Non, et Québec a raison de résister aux appels en faveur d’une levée de ce congé dont les enseignants épuisés ont grandement besoin.

Car ce n’est pas tant la relâche scolaire qui fait problème ici, comme ce que les familles décident de faire pendant les vacances.

Face au danger que représentent les voyages d’agrément, il n’y a pas 36 000 solutions.

Ottawa pourrait suspendre les voyages non essentiels, le temps de casser cette deuxième vague qui déferle sur le pays. Une telle mesure serait d’autant plus bienvenue que le nouveau variant du coronavirus, beaucoup plus contagieux, a commencé à se propager chez nous.

L’autre solution serait d’imposer des conditions de quarantaine beaucoup plus strictes, qui joueraient un rôle préventif, mais aussi dissuasif.

La Nouvelle-Zélande, par exemple, place les voyageurs qui entrent sur son territoire dans des centres d’isolement contrôlés où il n’est pas question de trinquer avec des amis sur le balcon.

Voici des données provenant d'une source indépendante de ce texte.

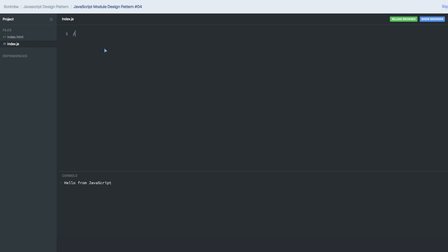Let's talk about the module design pattern, which is the most popular pattern in JavaScript. In JavaScript we write functions inside functions, we declare public variables and private variables, and we are writing complex applications where we have a lot of classes and functions. We want our variables to be conflict-free, meaning variables declared in one module should not conflict with any other module.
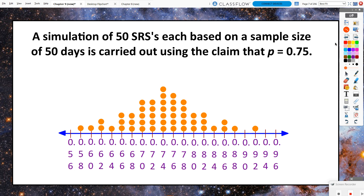We're always assuming from the beginning that the null hypothesis is really true, and what we're going to try to do is prove that the null hypothesis is not likely to be true. Each of these dots represents one situation — 60% of the 50 solves resulted in Mr. G solving the Rubik's Cube in under 75 seconds. Each dot represents another 50 days. We can see from this simulation that there's one time where Mr. G solved it 92% of the time, and there are also times down in the upper 50s or lower 60s.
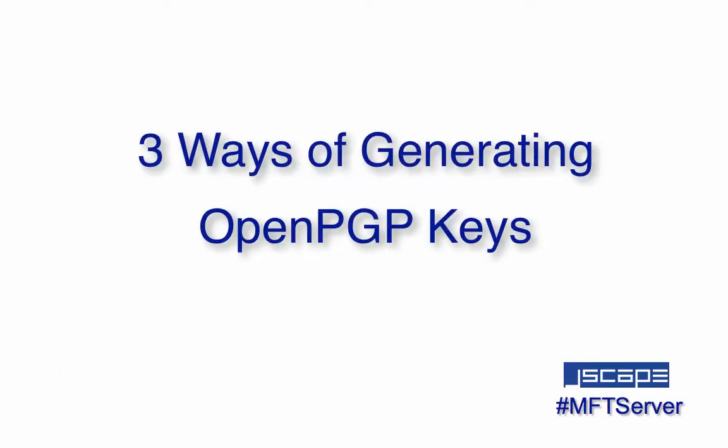Hello there, this is John V, software evangelist at Jscape, and you're watching a Jscape MFT server tutorial.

En plus, les frais de séjour dans ces centres sont en grande partie assumés par les voyageurs. Pour une famille de quatre personnes, on parle d’une facture de 5000 $ ! De quoi faire réfléchir avant de réserver son billet.

D’ailleurs, de telles exigences existent aussi… à l’intérieur du Canada. Le Nunavut demande à ses résidants qui ont dû quitter le territoire de suivre une quarantaine dans un hôtel du « Sud » canadien avant de rentrer à la maison. Fermé à tout voyageur non essentiel, ce territoire du Grand Nord canadien a réussi à endiguer la COVID-19.

On l’a vu pendant les vacances de Noël : les appels à la responsabilité des vacanciers ont peu d’impact. À défaut d’une interdiction formelle, des conditions de retour sérieusement resserrées auraient l’avantage de casser la chaîne de contagion, mais aussi d’ajouter de la cohérence à notre politique de lutte contre la pandémie.

Et de faire preuve de respect à l’endroit des médecins, infirmières, inhalothérapeutes et préposés qui s’épuisent et tombent au combat. Et qui prendraient bien une semaine dans le Sud, eux aussi.